Examine a toy with a rechargeable battery and you are likely to find a lithium-polymer cell powering the works. But a new kind of battery architecture called lithium-metal is getting a lot of attention these days because it has a capacity and energy density potentially far exceeding that of lithium-polymer versions. Lithium-metal batteries use lithium metal as their anode unlike lithium-ion batteries lithium plus several other materials form the anode. Over time, some of the metallic lithium becomes electrochemically inactive, forming isolated islands of lithium that no longer connect with the electrodes. This action reduces capacity and is a particular problem for lithium-metal technology and for the fast charging of lithium-ion batteries.

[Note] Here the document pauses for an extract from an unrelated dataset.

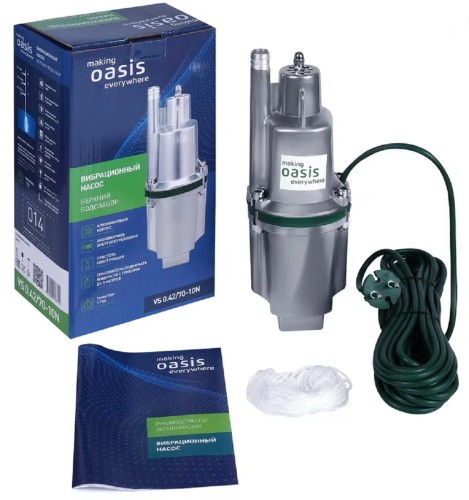 Насос вибрационный OASIS VS 0,42/70-25 4670004378106 - изображение 5
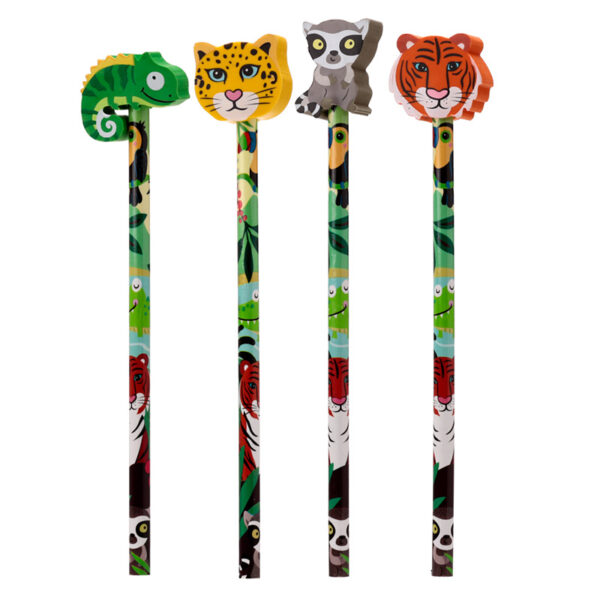 Pencil & Eraser Topper - Wild Animal - Image 2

One recent development aimed at addressing the problem comes from the DoE SLAC National Accelerator Lab. The key problem the researchers addressed was the formation of inactive lithium islands that are cut off from the electrodes, reducing the battery’s capacity to store charge. The research team discovered that by introducing a brief, high-current discharging step right after the battery charges, they could make this “dead” lithium creep like a worm toward one of the electrodes until it reconnects, partially reversing the unwanted process. Adding this extra step slowed the degradation of their test battery and boosted its lifetime by nearly 30%. Researchers published their results in the Dec. 22 issue of the journal Nature.
“I always thought of isolated lithium as bad, since it causes batteries to decay and even catch on fire,” said Yi Cui, a professor at Stanford and SLAC and investigator with the Stanford Institute for Materials and Energy Research (SIMES) who led the research. “But we have discovered how to electrically reconnect this ‘dead’ lithium with the negative electrode to reactivate it.”

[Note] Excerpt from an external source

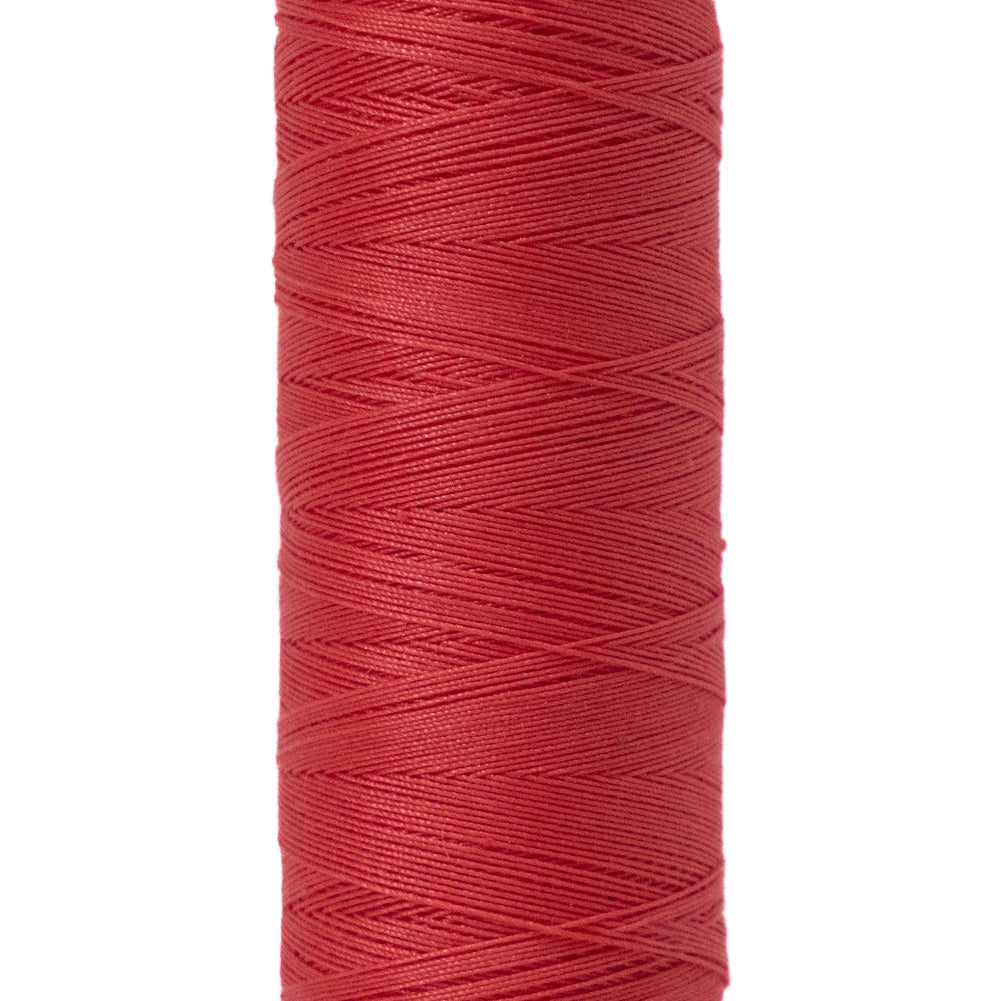 Gutermann Natural Cotton Thread 100m - 4930 Bright Coral - Detail Gutermann Natural Cotton Thread 100m - 4930 Bright Coral - Detail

The idea for the study arose when Cui speculated that applying a voltage to a battery’s cathode and anode could make an isolated island of lithium physically move between the electrodes. To confirm the idea, the scientists fabricated an optical cell with a lithium-nickel-manganese-cobalt-oxide (NMC) cathode, a lithium anode and an isolated lithium island in between. This test device allowed them to track in real time what happens inside a battery when in use. They discovered the isolated lithium island wasn’t “dead” at all but responded to battery operations. When charging the cell, the island slowly moved towards the cathode; when discharging, it crept in the opposite direction.
“It’s like a slow worm that inches its head forward and pulls its tail in to move nanometer by nanometer,” Cui said. “In this case, it transports by dissolving away on one end and depositing material to the other end. If we can keep the lithium worm moving, it will eventually touch the anode and reestablish the electrical connection.”
The scientists validated the results with other test batteries and through computer simulations. Experimental results also demonstrate how isolated lithium could be recovered in a real battery by modifying the charging protocol. “We found that we can move the detached lithium toward the anode during discharging, and these motions are faster under higher currents,” said Stanford postdoctoral fellow Fang Liu, the Nature article lead author. “So we added a fast, high-current discharging step right after the battery charges, which moved the isolated lithium far enough to reconnect it with the anode. This reactivates the lithium so it can participate in the life of the battery.”